Outra proposta em discussão é a criação no Brasil, destacou Dyogo à APS, do Seguro Social de Catástrofe — um produto paramétrico de indenização emergencial (R$ 10 mil) para famílias atingidas por enchentes e deslizamentos. A contratação seria acoplada à conta de luz, garantindo capilaridade. “Estamos em articulação com o Legislativo para apresentar o projeto de lei ainda este ano”, afirmou Oliveira.
Além disso, foram discutidas iniciativas como o uso de green bonds pelo Tesouro Nacional, o desenvolvimento de seguros para concessões florestais e a definição da taxonomia sustentável do setor de seguros, com atenção para evitar exclusões arbitrárias de setores produtivos.
Mas os desafios são visíveis. Vão das inundações à falta de água. Em 2024, cinco gigantescas bacias hidrográficas brasileiras foram oficialmente declaradas em “estado de escassez hídrica” pela Agência Nacional de Águas e Saneamento Básico (ANA). Foi a primeira vez, em mais de 100 anos de medições de volume, que isso aconteceu. Tal escassez devido à falta de chuvas se deu nos rios Paraguai, Puris, Madeira, Tapajós e Xingu. Foi a maior seca já registrada na região Norte do Brasil, onde estão todos esses rios, com exceção do Paraguai.
Antes, em novembro de 2023, descobriu-se que pela primeira vez temos um deserto em território nacional. Trata-se de uma área que fica no vale submédio do rio São Francisco, centro-norte da Bahia, na divisa com Pernambuco. É um território desértico com cerca de quatro vezes o tamanho da cidade de São Paulo. Até então não existiam desertos no Brasil, apenas regiões semi-áridas.
Agropecuária
Em se tratando do agronegócio nacional, o desafio de prover seguros ao setor a um preço viável mostra-se delicado em tempos de crise climática. O peso do agronegócio no PIB brasileiro é alto: 21,8% em 2024, segundo cálculo do Centro de Estudos Avançados em Economia Aplicada (Cepea), da Esalq/USP, em parceria com a Confederação da Agricultura e Pecuária do Brasil (CNA). Como a atividade agrícola se dá, em sua maior parte, ao ar livre, as fazendas são especialmente vulneráveis a intempéries. E o agricultor não tem como determinar, embora possa prever, a incidência de chuva ou sol em sua plantação.
Trata-se de uma atividade econômica muito dependente de fatores sobre os quais ninguém exerce controle. Daí a importância dos seguros. Há no Brasil o subsídio a seguros agronômicos. Trata-se de um apoio financeiro vindo do governo federal para reduzir o custo do seguro rural.
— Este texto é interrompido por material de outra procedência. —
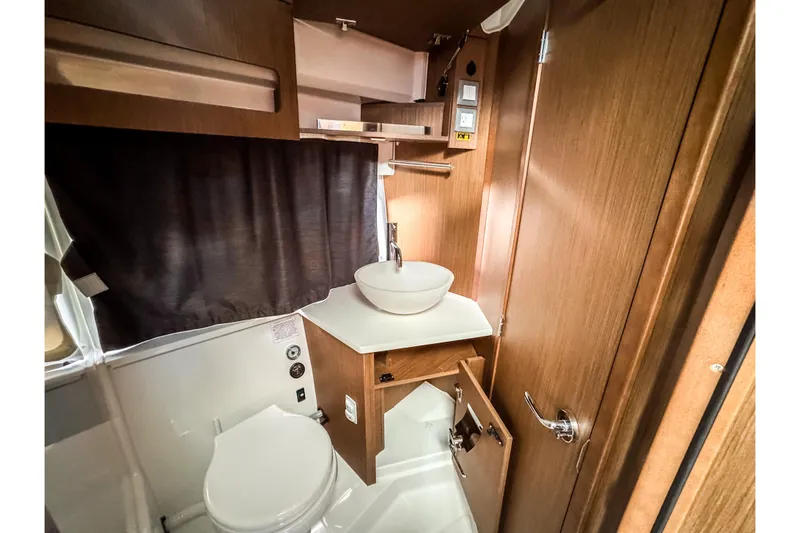 Slide: The Image of 2023 Beneteau Antares 11 bathroom with modern sink and wooden cabinetry. - 38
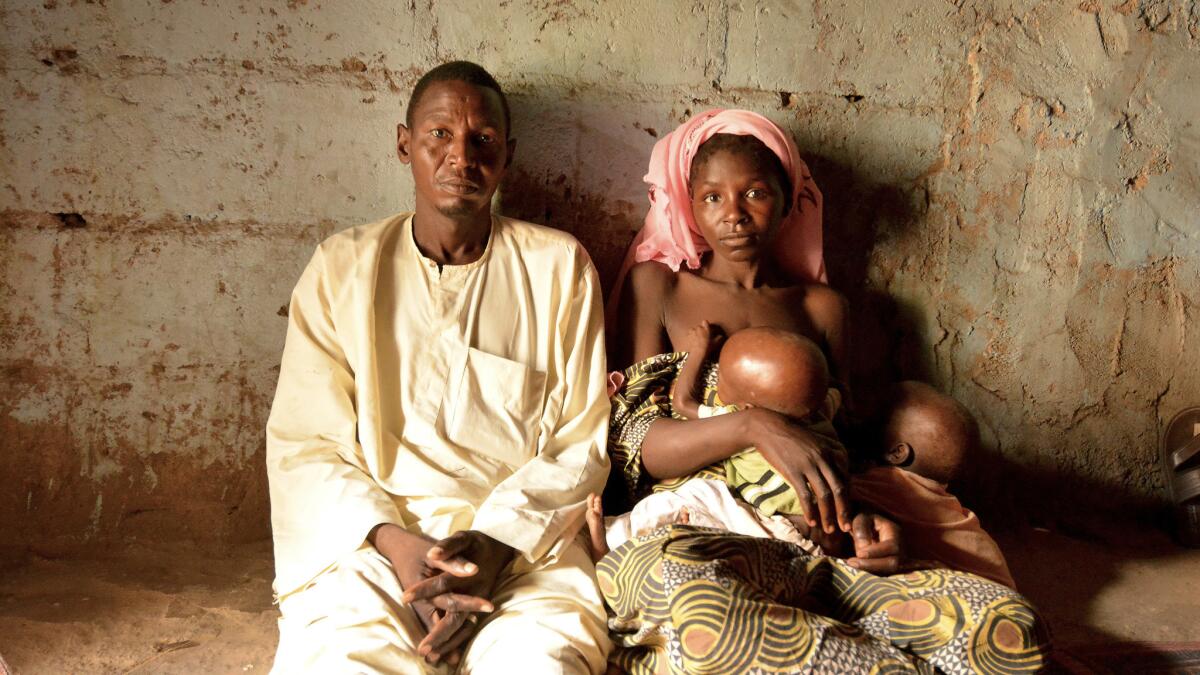 Saleh Umar and his wife, Hadiza Adamu, with their 1-year-old twins. The couple are desperately worried about the boy, Hassan, who has acute malnutrition.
O Programa de Subvenção ao Prêmio do Seguro Rural (PSR) arca com parte do custo do seguro.
O poder público pode chegar a bancar 60% do valor total de uma apólice, dependendo do tipo de cultivo agropecuário que se deseja segurar e a disponibilidade orçamentária do governo. O PSR busca ajudar na cobertura de perdas causadas por eventos como secas, geadas e tempestades. Em tempos de crise climática, o agronegócio brasileiro ancora-se no programa.